The Arlington-based group has been offering services to entrepreneurs since the early 1990s.

ARLINGTON, Va. — A northern Virginia group is working to help immigrants and refugees start their own businesses.

The Enterprise Development Group, which is a subsidiary of the Ethiopian Community Development Council, runs a business incubator within its Arlington County offices.

The operation, which has more than 20 clients, offers interested participants everything from entrepreneurial training to office space at a reduced rental rate.

"Office fees are very expensive," said Abnet Tessema, a microloan coordinator with ECDC. "We wanted to give them the opportunity to start a business with a very small rental fee."

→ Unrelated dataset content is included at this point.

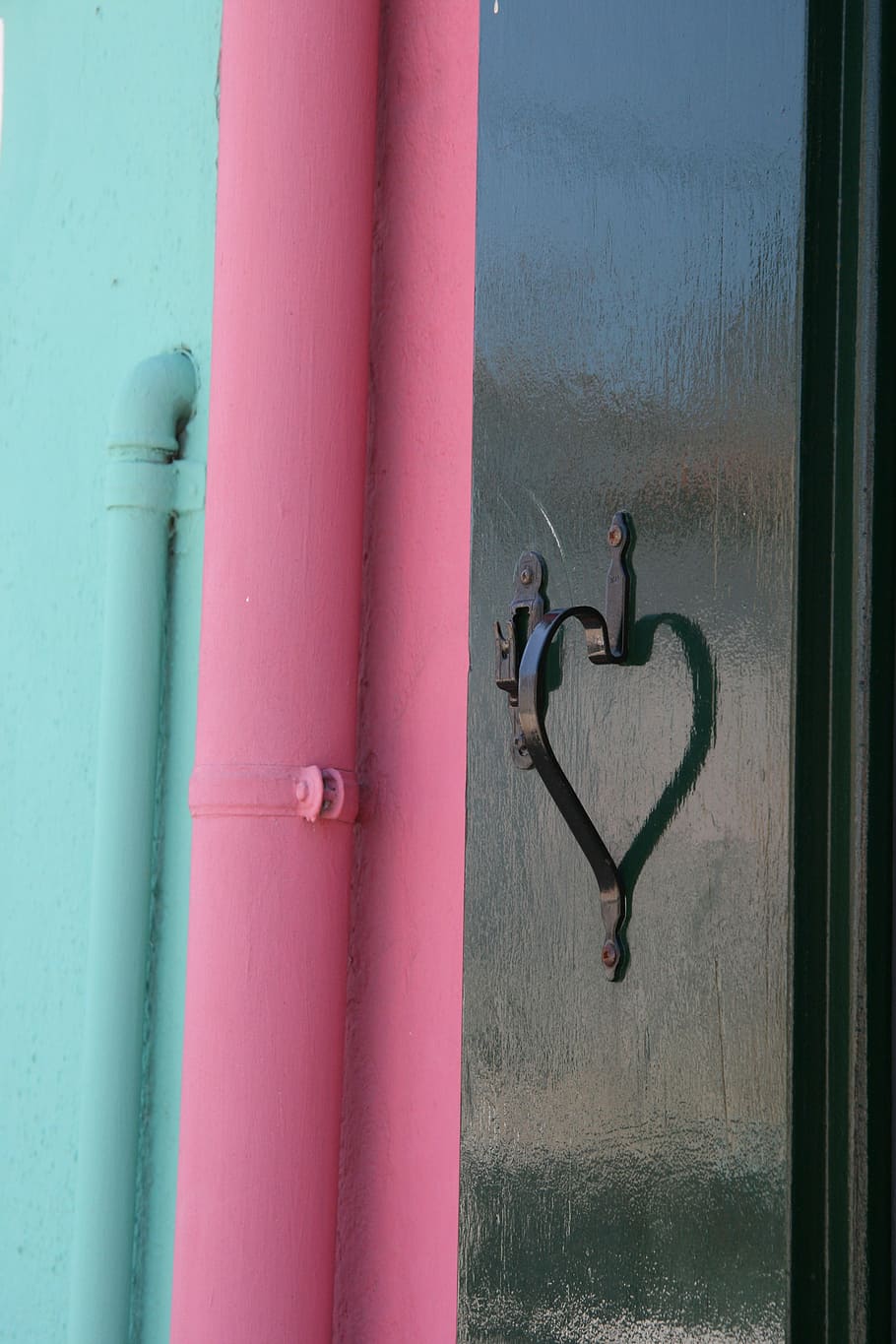 heart, color, door, handle, venice, metal, day, protection, wall - building feature, security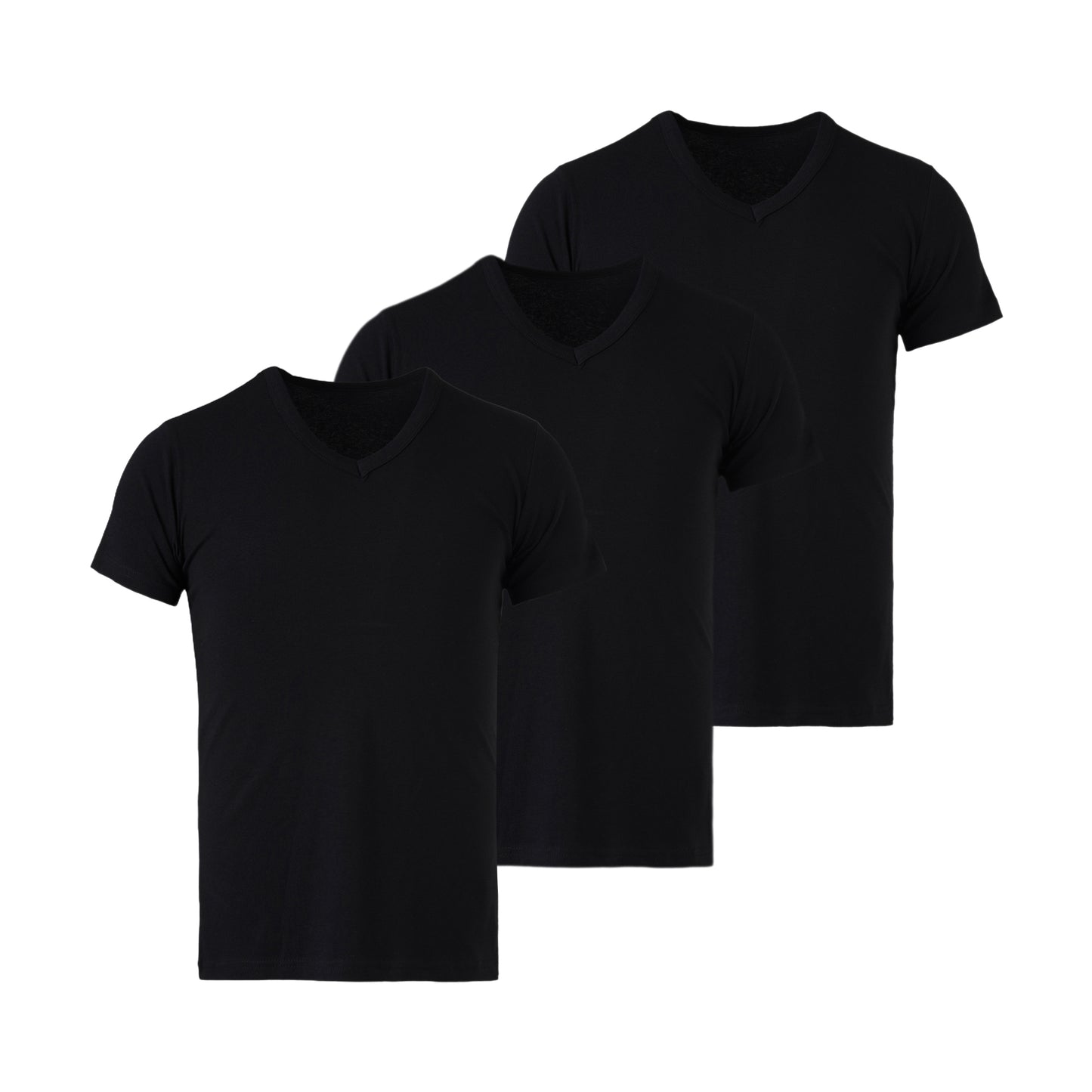 Mody Men Short Sleeve Undershirt, V-Neck, 3-Pack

Business start-ups can also receive microloans through the ECDC's enterprise.

Tessema says everyone, so long as they are in the low-to-middle class income groups, are eligible to participate in the EDG business incubator.

However, Tessema said the majority of its participants are either immigrants or refugees. He said it's important to give them a helping hand.

"[Refugees] can be a little bit confused [starting a business]," Tessema said. "They don't know anything about the business environment. They don't know anything about the legal system."

He added that everyone deserves a chance to achieve success.

"If everybody is given the opportunity, they can reach their potential," Tessema said.

John Agwaze is the President and CEO of the Global Education Institute. The business, which operates within the incubator, helps train nursing professionals in the fields of personal and first aid care.

Agwaze, who was originally born in Nigeria, said the EDG helped get his business off the ground.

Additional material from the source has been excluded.